So it’s great to see these concerns coming from a new source. As reported by Bloomberg last week, on top of the International Monetary Fund, the U.S. Treasury, and, as I’ve reported, leading academic economists) a leading analyst from the HSBC bank is expressing comparable worries.

To review quickly, the idea is that the record trade and broader payments shortfalls run by the United States in the “aughts” sent so much foreign capital flooding into the country that most incentives to use these funds prudently vanished. And with years of deregulation and lax regulation freeing American finance companies to concoct ever more reckless schemes to deliver acceptable returns in the face of this yield-depressing glut, much of the economy turned into a gigantic, housing- and consumption-fueled Ponzi Scheme.

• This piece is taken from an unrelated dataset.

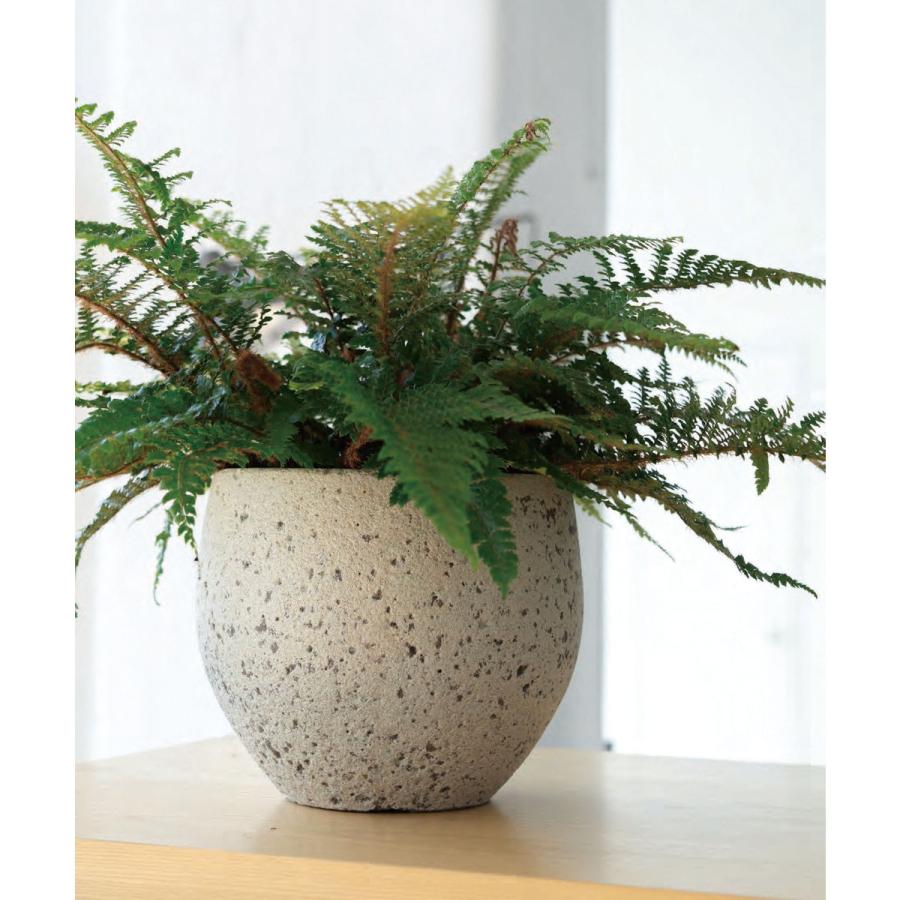 日限定07 グリーンポット ノード エッグ 25cm AN-NE2521WH 植木鉢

I’d add three extra points. First, the offshored U.S. manufacturing production behind so much of the nation’s trade deficits greatly reduced the number of genuinely productive investments that the American financial sector could contemplate. Meanwhile, the burgeoning narrative that manufacturing was increasingly passe for an advanced economy like the United States kneecapped any expectations that adequate productive investment opportunities would return any time soon.

Second, the neglect of productive domestic sectors like manufacturing played a major role in plunging the United States into the secular stagnation trap so cogently described by former Treasury Secretary and Harvard economist Larry Summers. For an economy lacking adequate productive ways to foster growth – and especially a democracy – will be continually and sorely tempted to spur short-term growth by inflating dangerous credit bubbles.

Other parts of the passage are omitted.